Florida residents facing mounting frustration over health insurance companies denying prescription coverage
Thousands of Floridians who pay for health insurance are encountering significant obstacles when attempting to fill prescriptions, as health insurance companies increasingly deny coverage for medications recommended by their doctors.
For some, the struggle has become a way of life. Marilyn Bach-Nunez, a 71-year-old retired advocate in Sunrise, cares for her daughter, Joy, who has a rare genetic condition causing chronic pain. Bach-Nunez, who has COPD and rheumatoid arthritis, said she has had to fight her health insurance provider to cover necessary prescriptions not on the official list.
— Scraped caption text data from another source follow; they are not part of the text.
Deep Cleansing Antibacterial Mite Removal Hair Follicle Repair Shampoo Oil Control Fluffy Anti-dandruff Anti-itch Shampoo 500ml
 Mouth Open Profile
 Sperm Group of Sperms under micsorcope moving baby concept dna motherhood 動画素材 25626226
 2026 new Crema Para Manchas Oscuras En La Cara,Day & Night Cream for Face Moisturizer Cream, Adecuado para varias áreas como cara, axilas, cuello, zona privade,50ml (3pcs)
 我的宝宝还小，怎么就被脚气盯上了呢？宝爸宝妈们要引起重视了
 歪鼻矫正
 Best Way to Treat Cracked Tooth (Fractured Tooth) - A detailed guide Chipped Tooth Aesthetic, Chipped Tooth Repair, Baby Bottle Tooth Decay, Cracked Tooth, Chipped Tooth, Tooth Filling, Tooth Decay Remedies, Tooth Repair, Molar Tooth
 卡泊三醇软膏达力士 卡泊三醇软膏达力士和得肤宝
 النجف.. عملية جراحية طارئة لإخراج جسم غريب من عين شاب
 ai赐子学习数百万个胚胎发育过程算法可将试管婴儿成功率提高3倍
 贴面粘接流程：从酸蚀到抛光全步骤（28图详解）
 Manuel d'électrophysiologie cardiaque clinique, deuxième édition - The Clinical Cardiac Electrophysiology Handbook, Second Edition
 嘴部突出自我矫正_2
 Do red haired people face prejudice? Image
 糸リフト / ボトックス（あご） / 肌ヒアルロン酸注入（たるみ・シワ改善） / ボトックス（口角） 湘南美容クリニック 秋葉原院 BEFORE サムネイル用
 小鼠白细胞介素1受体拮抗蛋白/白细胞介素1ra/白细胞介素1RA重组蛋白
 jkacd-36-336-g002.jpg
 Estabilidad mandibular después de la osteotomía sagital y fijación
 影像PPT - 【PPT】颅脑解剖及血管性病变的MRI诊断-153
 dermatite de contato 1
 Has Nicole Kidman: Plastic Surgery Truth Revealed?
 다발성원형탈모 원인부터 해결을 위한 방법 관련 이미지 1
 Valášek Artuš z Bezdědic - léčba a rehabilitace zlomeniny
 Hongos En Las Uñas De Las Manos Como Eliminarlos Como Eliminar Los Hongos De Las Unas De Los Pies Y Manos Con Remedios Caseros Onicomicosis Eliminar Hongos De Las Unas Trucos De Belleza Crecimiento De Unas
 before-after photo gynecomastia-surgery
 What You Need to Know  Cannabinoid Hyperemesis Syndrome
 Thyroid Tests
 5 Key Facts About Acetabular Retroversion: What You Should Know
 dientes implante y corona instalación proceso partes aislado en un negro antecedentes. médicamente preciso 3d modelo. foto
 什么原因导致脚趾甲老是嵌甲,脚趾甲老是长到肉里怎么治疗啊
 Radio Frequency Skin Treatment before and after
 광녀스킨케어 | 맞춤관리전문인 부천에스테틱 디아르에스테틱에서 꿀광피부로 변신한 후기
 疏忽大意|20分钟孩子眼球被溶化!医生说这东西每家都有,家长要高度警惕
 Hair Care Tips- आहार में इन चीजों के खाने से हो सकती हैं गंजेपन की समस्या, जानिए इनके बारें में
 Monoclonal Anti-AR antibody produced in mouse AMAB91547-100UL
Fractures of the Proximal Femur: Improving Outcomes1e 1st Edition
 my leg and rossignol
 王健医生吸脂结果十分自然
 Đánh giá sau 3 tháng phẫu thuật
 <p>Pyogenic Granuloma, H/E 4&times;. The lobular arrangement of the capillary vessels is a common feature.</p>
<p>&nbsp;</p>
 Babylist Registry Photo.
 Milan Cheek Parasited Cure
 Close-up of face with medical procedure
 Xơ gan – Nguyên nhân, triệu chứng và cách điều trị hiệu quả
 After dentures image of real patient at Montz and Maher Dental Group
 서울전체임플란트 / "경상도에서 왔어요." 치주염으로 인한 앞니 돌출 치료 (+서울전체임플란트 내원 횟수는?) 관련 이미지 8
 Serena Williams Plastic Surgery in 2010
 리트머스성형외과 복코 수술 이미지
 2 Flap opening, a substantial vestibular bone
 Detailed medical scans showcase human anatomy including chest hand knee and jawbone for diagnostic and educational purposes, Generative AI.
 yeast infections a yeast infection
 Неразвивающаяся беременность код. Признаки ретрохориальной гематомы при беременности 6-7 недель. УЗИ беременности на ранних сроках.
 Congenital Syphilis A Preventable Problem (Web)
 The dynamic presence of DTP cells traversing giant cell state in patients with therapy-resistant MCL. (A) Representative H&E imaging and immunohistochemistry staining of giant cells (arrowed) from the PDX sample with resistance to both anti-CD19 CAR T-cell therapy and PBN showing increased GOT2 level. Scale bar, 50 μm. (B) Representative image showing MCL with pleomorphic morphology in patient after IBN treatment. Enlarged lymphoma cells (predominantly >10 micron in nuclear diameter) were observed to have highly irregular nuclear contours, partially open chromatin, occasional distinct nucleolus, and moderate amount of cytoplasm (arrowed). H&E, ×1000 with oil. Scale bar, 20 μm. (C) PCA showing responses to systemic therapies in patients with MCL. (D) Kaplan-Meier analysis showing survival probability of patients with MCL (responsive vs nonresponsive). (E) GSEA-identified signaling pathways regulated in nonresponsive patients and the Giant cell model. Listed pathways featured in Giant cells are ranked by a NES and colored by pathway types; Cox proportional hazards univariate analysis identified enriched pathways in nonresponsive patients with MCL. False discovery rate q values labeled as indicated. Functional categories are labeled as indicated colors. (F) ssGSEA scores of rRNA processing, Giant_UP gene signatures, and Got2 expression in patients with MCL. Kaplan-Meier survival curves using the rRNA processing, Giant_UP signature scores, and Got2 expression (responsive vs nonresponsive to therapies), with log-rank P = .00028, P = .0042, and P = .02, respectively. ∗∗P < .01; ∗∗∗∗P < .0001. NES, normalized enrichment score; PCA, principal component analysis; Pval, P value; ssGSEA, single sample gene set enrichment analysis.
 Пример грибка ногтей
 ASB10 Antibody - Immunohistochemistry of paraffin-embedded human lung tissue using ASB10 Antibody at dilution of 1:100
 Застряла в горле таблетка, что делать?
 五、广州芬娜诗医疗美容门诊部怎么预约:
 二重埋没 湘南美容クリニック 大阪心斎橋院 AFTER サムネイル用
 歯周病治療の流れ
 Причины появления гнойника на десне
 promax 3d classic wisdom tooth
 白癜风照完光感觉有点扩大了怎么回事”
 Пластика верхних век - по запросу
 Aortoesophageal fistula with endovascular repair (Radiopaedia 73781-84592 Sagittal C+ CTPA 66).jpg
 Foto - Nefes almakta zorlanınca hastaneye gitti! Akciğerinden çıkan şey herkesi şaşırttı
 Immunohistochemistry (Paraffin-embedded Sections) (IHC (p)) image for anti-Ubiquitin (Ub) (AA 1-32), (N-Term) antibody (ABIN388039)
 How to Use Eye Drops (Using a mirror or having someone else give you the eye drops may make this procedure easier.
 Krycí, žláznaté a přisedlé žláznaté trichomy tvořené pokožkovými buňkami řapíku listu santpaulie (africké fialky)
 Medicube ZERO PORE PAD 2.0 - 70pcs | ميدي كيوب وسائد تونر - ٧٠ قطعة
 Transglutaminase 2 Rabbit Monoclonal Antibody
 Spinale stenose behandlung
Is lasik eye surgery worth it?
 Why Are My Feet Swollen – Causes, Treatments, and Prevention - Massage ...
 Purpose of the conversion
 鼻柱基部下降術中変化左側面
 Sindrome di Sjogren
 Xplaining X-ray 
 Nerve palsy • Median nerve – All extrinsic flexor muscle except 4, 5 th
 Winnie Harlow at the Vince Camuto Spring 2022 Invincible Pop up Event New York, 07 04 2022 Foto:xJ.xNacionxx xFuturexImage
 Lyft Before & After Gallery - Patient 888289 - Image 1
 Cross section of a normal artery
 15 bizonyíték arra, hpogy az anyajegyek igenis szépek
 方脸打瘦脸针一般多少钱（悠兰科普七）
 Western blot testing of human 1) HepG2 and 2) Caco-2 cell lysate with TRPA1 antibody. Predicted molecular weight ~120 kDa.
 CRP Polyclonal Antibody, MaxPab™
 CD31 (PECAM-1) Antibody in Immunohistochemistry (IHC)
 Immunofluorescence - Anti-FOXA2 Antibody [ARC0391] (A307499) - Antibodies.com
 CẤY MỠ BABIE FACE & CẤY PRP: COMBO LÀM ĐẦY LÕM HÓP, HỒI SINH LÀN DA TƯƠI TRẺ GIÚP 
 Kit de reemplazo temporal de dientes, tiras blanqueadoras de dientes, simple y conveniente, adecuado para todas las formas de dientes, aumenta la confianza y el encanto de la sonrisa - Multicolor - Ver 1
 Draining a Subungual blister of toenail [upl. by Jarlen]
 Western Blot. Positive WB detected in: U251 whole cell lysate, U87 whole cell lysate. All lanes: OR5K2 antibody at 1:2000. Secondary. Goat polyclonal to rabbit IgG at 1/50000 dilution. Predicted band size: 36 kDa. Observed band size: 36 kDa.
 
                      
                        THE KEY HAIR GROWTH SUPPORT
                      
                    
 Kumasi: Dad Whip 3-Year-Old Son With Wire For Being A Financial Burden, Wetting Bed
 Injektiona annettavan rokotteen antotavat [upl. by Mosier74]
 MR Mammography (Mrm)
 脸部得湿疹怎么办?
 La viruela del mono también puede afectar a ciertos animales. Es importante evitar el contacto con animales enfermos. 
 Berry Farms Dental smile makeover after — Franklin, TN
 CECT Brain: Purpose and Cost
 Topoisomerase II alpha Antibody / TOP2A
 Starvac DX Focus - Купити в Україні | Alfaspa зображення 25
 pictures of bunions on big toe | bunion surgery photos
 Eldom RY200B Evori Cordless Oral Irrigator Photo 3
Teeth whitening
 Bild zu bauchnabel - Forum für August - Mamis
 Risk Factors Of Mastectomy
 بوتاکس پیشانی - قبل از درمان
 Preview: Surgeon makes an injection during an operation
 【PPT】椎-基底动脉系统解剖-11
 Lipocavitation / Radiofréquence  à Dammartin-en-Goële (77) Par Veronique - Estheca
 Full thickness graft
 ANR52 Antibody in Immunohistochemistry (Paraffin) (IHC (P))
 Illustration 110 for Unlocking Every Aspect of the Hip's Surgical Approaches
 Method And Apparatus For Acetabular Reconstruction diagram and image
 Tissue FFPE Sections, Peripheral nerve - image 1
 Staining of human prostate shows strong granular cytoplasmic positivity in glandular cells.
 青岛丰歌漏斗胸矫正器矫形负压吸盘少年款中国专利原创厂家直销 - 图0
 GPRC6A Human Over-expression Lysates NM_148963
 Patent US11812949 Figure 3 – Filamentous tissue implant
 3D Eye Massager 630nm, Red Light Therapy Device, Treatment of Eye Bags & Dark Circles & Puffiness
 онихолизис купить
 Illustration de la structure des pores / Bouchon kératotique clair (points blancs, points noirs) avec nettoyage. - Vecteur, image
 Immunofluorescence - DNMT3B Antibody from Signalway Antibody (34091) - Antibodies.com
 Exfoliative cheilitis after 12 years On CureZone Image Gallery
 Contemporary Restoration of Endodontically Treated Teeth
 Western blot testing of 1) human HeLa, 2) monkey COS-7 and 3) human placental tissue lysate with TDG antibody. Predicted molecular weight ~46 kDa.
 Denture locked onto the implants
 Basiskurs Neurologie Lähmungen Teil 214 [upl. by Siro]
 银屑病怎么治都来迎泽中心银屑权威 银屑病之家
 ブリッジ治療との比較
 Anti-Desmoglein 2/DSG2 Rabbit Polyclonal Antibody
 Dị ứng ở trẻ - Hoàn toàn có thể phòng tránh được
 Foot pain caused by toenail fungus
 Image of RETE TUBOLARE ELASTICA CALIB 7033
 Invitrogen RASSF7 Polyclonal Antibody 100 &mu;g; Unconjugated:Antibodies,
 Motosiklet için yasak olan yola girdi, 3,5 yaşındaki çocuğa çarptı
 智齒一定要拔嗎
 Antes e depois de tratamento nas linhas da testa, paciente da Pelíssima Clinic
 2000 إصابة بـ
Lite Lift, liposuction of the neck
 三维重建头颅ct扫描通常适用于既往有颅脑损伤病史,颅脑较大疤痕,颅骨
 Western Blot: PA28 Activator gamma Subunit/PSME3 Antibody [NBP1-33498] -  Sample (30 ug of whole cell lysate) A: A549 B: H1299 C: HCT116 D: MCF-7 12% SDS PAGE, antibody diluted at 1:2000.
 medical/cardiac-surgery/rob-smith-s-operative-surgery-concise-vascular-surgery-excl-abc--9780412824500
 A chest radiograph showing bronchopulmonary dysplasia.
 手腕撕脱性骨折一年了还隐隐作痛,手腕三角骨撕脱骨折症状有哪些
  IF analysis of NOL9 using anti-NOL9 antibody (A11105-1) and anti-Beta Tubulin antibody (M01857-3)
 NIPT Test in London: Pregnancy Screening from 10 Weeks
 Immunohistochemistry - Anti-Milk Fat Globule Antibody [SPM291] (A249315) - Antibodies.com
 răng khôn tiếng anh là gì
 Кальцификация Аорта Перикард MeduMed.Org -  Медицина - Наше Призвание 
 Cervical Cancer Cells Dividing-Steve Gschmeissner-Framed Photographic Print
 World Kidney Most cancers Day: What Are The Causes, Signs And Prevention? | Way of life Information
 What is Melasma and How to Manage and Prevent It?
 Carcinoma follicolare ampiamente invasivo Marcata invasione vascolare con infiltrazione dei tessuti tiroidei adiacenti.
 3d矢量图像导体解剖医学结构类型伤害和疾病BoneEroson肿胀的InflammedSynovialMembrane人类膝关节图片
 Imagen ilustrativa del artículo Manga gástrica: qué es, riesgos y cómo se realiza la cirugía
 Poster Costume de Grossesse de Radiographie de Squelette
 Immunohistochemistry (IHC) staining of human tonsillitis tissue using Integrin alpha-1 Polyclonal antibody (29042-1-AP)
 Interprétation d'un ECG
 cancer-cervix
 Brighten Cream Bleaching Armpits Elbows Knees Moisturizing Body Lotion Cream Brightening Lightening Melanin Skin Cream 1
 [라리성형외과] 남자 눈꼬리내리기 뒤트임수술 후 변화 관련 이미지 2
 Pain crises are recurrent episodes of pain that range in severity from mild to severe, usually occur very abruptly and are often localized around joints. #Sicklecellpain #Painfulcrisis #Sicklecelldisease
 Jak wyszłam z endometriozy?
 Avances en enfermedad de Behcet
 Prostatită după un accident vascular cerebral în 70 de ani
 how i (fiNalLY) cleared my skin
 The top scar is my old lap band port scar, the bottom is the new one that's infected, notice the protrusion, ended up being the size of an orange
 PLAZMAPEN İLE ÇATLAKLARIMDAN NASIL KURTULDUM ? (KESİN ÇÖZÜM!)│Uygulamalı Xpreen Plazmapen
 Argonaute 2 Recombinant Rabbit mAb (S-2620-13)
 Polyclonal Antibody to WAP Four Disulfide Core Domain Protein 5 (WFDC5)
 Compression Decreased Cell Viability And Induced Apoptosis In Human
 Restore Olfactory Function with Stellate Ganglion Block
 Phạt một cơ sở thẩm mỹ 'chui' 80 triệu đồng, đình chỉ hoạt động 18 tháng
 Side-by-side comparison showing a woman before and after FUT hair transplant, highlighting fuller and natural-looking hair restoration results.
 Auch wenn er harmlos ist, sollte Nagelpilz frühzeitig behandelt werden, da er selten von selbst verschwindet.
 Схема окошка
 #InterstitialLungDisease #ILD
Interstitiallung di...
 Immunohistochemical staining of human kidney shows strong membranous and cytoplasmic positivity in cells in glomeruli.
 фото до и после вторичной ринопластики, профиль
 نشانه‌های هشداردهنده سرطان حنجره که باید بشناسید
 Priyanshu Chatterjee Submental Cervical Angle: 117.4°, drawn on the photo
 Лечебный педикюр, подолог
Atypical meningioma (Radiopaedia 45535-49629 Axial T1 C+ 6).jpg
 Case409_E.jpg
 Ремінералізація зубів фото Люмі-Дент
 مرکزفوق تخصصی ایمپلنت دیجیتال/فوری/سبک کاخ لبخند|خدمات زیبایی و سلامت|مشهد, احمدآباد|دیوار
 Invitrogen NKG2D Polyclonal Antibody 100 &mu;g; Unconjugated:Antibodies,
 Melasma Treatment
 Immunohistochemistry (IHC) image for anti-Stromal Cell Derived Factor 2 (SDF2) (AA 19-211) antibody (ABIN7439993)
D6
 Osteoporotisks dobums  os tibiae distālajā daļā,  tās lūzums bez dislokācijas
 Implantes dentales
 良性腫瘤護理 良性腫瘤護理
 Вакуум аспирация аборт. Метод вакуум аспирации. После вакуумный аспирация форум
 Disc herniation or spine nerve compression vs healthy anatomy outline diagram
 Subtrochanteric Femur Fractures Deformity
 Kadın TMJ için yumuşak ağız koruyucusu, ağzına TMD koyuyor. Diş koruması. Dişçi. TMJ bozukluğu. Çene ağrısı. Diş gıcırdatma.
"It makes me angry inside, especially because I worked my whole life," Bach-Nunez said. She asserted, "The insurance companies are becoming our doctors, and they are not doctors".
The Pharmaceutical Research and Manufacturers of America, or PhRMA, which lobbies for the industry and patient access, recently claimed a staggering number of prescription denials. "70 percent of patients face rejection on their initial attempt," PhRMA said.
Health insurance companies dispute this. America's Health Insurance Plans (AHIP), the industry's trade group, countered in a statement that the research is misleading. AHIP alleged that "Brand drug makers bankrolled this misleading research to distract from the unaffordable prices they alone set and raise".
In Fort Lauderdale, cardiologist Dr. Tiffany DiPietro reports that a prescription she writes for a patient is rejected almost daily. "All insurance companies have a formulary, so they want you to try what's cheaper," she explained. "But the best medicines are newer, one company makes it, and they set the price".
The high cost means some patients in South Florida simply go without. Shirley Hanson, an 82-year-old home health aide, never picked up prescriptions to treat blisters on her arm. "I'm 82, and I'm still working. I can't afford my prescriptions," she said.
"In my humble opinion, they hope you give up," Dr. DiPietro said of the denial process, noting she can spend "one to two hours on the phone hoping to get through".
However, AHIP maintains that "Health plans approve the vast majority of claims and connect patients with care that's effective, safe and as affordable as possible".
Marilyn Bach-Nunez refused to give up. After two appeals and two and a half months, she is now paying $12.65 for her COPD medication, which has a shelf price of $765. She said that "within three or four days with this medicine, I wasn't getting out of breath".
What to do if your insurer denies coverage:
- Appeal the decision and work with your doctor on the appeal process before submitting it to the insurance company.
- Look for discounts online directly from the drug manufacturer and prescription cards.
- Apply for a grant from a nonprofit organization such as The PAN Foundation, which may offer a cheaper price on your prescription.